Ecosyste.ms: Awesome

An open API service indexing awesome lists of open source software.

Awesome Lists | Featured Topics | Projects

https://github.com/dkorunic/findlargedir

quickly find all "blackhole" directories with a huge amount of filesystem entries in a flat structure
https://github.com/dkorunic/findlargedir

command-line-tool filesystem find linux macos os performance performance-analysis system-administration unix utility

Last synced: about 2 hours ago
JSON representation

quickly find all "blackhole" directories with a huge amount of filesystem entries in a flat structure

Awesome Lists containing this project

README

        

# findlargedir

[![GitHub license](https://img.shields.io/github/license/dkorunic/findlargedir.svg)](https://github.com/dkorunic/findlargedir/blob/master/LICENSE.txt)
[![GitHub release](https://img.shields.io/github/release/dkorunic/findlargedir.svg)](https://github.com/dkorunic/findlargedir/releases/latest)
[![Rust Report Card](https://rust-reportcard.xuri.me/badge/github.com/dkorunic/findlargedir)](https://rust-reportcard.xuri.me/report/github.com/dkorunic/findlargedir)
[![release](https://github.com/dkorunic/findlargedir/actions/workflows/release.yml/badge.svg)](https://github.com/dkorunic/findlargedir/actions/workflows/release.yml)

![](ferris.png)

(Ferris the Detective by [Esther Arzola](https://www.redbubble.com/people/earzola/shop), original design by [Karen Rustad Tölva](https://www.rustacean.net))

## About

Findlargedir is a tool specifically written to help **quickly** identify "black hole" directories on an any filesystem having more than 100k entries in a single flat structure. When a directory has **many entries** (directories or files), getting directory listing gets slower and slower, impacting performance of all processes attempting to get a directory listing (for instance to delete some files and/or to find some specific files). Processes reading large directory inodes get frozen while doing so and end up in the **uninterruptible sleep** ("D" state) for longer and longer periods of time. Depending on the filesystem, this might start to become visible with 100k entries and starts being a very noticeable performance impact with 1M+ entries.

Such directories mostly **cannot shrink back** even if content gets cleaned up due to the fact that most Linux and Un\*x filesystems do not support directory inode shrinking (for instance very common ext3/ext4). This often happens with forgotten Web sessions directory (PHP sessions folder where GC interval was configured to several days), various cache folders (CMS compiled templates and caches), POSIX filesystem emulating object storage, etc.
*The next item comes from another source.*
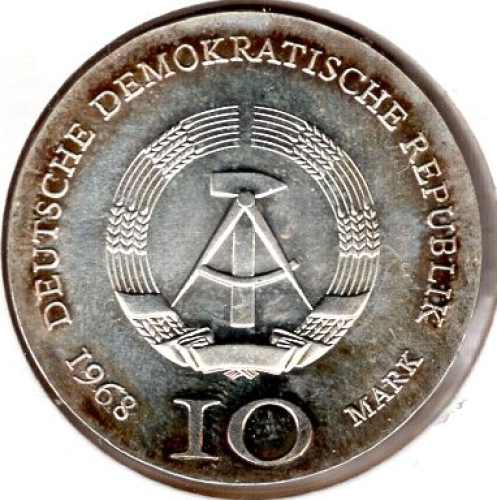 10 Mark GDR 1968 Johannes Gutenberg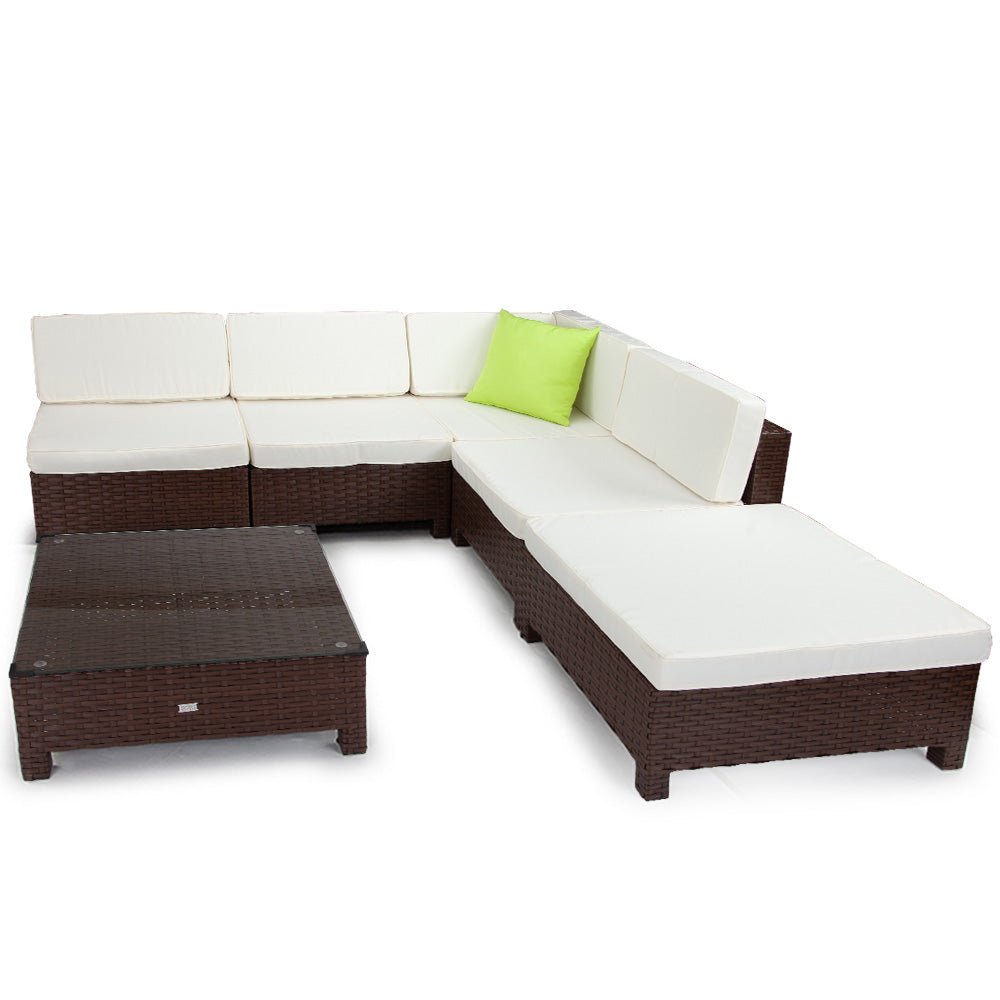 LONDON RATTAN 6pc Outdoor Furniture Setting Wicker Lounge Ottoman Sofa Set Brown - Outdoorium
Program will attempt to identify any number of such events and report on them based on **calibration**, ie. how many assumed directory entries are packed in each directory inode for each filesystem. While doing so, it will determine directory inode growth ratio to number of entries/inodes and will use that ratio to quickly scan filesystem, avoiding doing expensive/slow directory lookups. While there are many tools that scan the filesystem (`find`, `du`, `ncdu`, etc.), none of them use heuristics to avoid expensive lookups, since they are designed to be **fully accurate**, while this tool is meant to use heuristics and alert on issues **without getting stuck** on problematic folders.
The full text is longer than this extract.